TRANSLATION QUALITY MEASUREMENT IN PRACTICE
Riccardo Schiaffino Aliquantum
Franco Zearo Lionbridge Technologies
Abstract: This paper provides an overview of the Translation
Quality Index (TQI), a measurement methodology that can be used as a reliable
indicator of translation quality. The authors have been developing the TQI
methodology for the past five years. The TQI was first implemented for
commercial use in 2004.
1. TRANSLATION QUALITY MEASUREMENT
1.1 How did you start working on translation quality
measurement?
We have known each other for years—we both graduated in
translation from the same university and currently live in the same area—but we
had never worked together. In 2000, we were both giving presentations at the
ATA Conference in Orlando, Florida. We started to talk about how people
generally assumed that translation quality could not be measured. One thing led
to another, and we decided to see if we could find a way to measure the quality
of translation as a basis for process improvement.
In the following three years, we developed our research and
gave three presentations on how to measure and control translation quality. At
the same time, we applied our work at the companies for which we worked:
Lionbridge in Franco’s case and J.D. Edwards in Riccardo’s. Riccardo’s career
at J.D. Edwards ended on December 31, 2003, following PeopleSoft’s acquisition.
However, he continued researching translation quality measurement, developing
tools to help the assessment and measurement of translation quality, and
developing what we called the Translation Quality Index, or TQI. In the
meantime, Franco proceeded to implement the translation quality measurement
methodology at Lionbridge. The spreadsheet that Lionbridge uses to measure
translation quality is the result of our joint collaboration.

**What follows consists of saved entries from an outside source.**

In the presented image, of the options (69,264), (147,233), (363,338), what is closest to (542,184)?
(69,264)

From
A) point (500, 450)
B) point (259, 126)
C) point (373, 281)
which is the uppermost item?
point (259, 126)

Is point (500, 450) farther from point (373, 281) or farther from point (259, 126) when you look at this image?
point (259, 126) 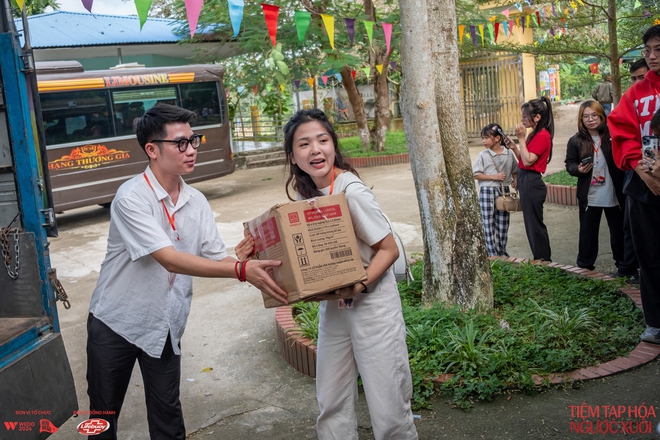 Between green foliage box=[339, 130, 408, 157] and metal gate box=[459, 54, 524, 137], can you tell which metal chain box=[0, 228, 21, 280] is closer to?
green foliage box=[339, 130, 408, 157]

1.2 Why try to measure translation quality?
Some people say, “You cannot manage what you cannot
measure.” Applied to translation, this means that without some means to assess
the quality of translation, it is not possible to improve translation quality,
nor is it possible to know if the translation quality is good; and, if it is
good, how to keep it that way.
1.3 Is it possible to measure translation quality?
We believe that it is possible to measure translation
quality, although perhaps not directly: When measuring translation quality, we
really measure the incidence of various types of errors and defects in the
translated material; for example, errors of terminology, grammar, spelling,
meaning, and others. Therefore, a good translation is one in which fewer errors
are made.
1
Experienced
translators would summarize the criteria for recognizing a poor translation as
follows: “I know it when I see it” (Note 1). However, this simplistic approach
is not adequate in meeting the demands of today’s high-paced business
environment. Like many business processes where the desired outcome is a
product or service, quality measurements are not only possible, but necessary.

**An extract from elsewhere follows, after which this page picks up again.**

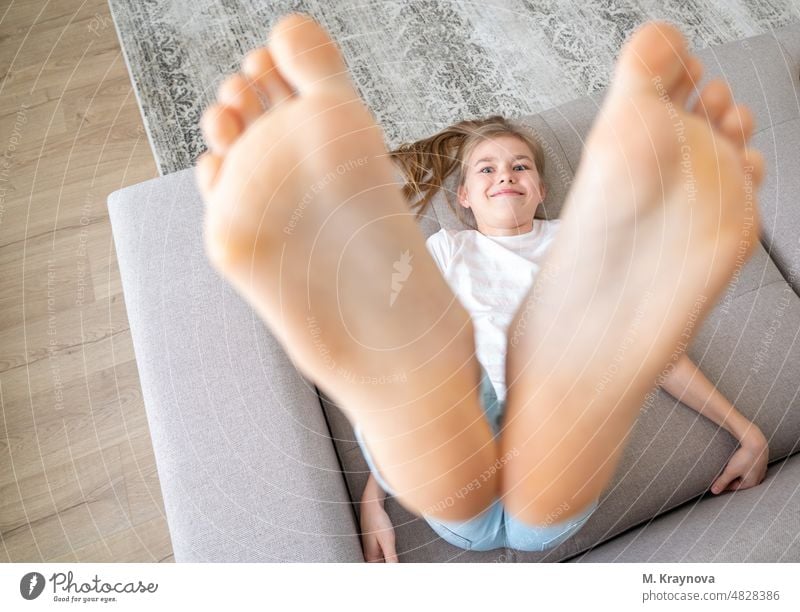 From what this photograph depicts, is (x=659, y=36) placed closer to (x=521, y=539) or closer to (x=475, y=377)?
(x=475, y=377)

Without objective ways to measure the quality of our work, we are left at the
mercy of fickle evaluations by lay people who can be highly subjective and not entirely
fair.
We believe it is the translation profession’s responsibility
to develop criteria that constitute an objective and fair evaluation of
translation quality. Having said that, we heed the warning of the ATA.

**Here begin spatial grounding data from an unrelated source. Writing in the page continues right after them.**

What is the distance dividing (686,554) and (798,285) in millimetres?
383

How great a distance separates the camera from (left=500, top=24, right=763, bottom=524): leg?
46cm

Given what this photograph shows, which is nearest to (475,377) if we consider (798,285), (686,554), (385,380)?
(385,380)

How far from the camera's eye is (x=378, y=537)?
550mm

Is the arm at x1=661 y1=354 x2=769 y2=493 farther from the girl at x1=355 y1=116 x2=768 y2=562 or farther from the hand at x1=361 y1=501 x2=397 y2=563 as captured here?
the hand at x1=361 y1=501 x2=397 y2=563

“Although the use of points may impart a certain impression of objectivity, it
is in truth still subjective” (Doyle, 2003).
1.4 Why measure errors when measuring translation
quality?
One important thing to consider is that the assessment of
translation quality should be as objective as possible. What I like and what
you like may be very different, but we should have some means to agree on
certain standards.
We believe it is easier to agree on what constitutes an
error rather than on what constitutes “quality” in the abstract, and that an
important factor in quality is the absence of errors.
We also believe that summarizing all of the error points in
a single index value will help us to synthesize the translation quality of a
given text. Moreover, we can use statistical methods to determine if a
translation process is in statistical control, if special causes are present,
or even if we are improving our translation process.
1.5 Do you believe there is one “ideal” translation process
to ensure the best possible quality level?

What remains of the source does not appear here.